Please see github.com/anusha-murali for all of my repositories.

View GitHub Profile

favorite_fundamentals

  1. Make all true statements of the form $f_i \in o(f_j)$, $f_i \in O(f_j)$, $f_i \in \omega(f_j)$, and $f_i \in \Omega(f_j)$ that hold for $i \le j$, where $i, j \in {1,2,3,4,5}$ for the following functions. No proof is necessary. All logs are base 2 unless otherwise specified.
    • $f_1 = (\log n)^{\log n}$
    • $f_2 = 2^{\sqrt{\log n}}$
    • $f_3 = 2^{2^{\sqrt[3]{\log\log\log n}}}$
    • $f_4 = n^{\log\log n}$
    • $f_5 = (\log\log n)^n$

    Ordering from smallest to largest, we have $f_3, f_2, f_1$ and $f_4$, then $f_5$. Rows in the table below denote the LHS of an order relation (e.g. $f_1 \in \Omega(f_2))$.

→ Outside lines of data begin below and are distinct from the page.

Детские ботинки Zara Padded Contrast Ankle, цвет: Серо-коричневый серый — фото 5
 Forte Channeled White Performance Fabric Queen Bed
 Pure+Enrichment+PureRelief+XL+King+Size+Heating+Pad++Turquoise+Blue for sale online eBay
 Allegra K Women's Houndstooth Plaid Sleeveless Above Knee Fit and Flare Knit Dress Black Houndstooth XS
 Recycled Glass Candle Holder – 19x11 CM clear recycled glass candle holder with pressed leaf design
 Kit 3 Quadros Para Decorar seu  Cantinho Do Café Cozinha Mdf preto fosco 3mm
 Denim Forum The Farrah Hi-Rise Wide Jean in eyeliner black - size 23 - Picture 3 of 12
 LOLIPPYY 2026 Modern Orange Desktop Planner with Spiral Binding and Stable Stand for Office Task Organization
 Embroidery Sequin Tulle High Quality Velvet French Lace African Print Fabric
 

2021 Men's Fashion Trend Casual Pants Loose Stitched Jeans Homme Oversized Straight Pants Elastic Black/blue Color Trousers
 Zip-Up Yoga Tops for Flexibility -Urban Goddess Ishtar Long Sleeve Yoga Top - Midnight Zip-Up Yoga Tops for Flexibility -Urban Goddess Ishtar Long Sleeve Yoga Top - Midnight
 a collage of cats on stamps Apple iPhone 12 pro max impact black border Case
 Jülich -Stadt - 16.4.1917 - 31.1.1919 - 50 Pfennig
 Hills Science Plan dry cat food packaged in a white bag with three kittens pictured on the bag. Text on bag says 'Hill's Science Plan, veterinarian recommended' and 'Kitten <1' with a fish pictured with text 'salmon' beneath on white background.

      $f_1$ $f_2$ $f_3$ $f_4$ $f_5$
    $f_1$ $O, \Omega$ $\Omega, \omega$ $\Omega, \omega$ $O,\Omega$ $O, o$
    $f_2$   $O, \Omega$ $\Omega, \omega$ $O, o$ $O, o$
    $f_3$     $O, \Omega$ $O, o$ $O, o$
    $f_4$       $O,\Omega$ $O, o$
    $f_5$         $O, \Omega$

    And the minimum number occurs

  2. Give an example of a function $f_6: \mathbb{N} \to \mathbb{R}^+$ for which none of the four statements $f_i \in o(f_6)$, $f_i \in O(f_6)$, $f_i \in \omega(f_6)$, and $f_i \in \Omega(f_6)$ is true for any $i \in {1,2,3,4,5}$.

    \[f_6(n) = \begin{cases} 1, \text{for odd }n\\ n^n, \text{for even }n \end{cases}\]
  3. Solve the following recurrence exactly, and then prove your solution is correct: $T(1) = 1, T(n) = T(n-1) + n^2 -n$.

    Proof. We get the following values for $T(n)$ for the first few values of $n$:

    \[T(1) = 1, T(2) = 3, T(3) = 9, T(4) = 21, T(5) = 41, T(6) = 71, \ldots\]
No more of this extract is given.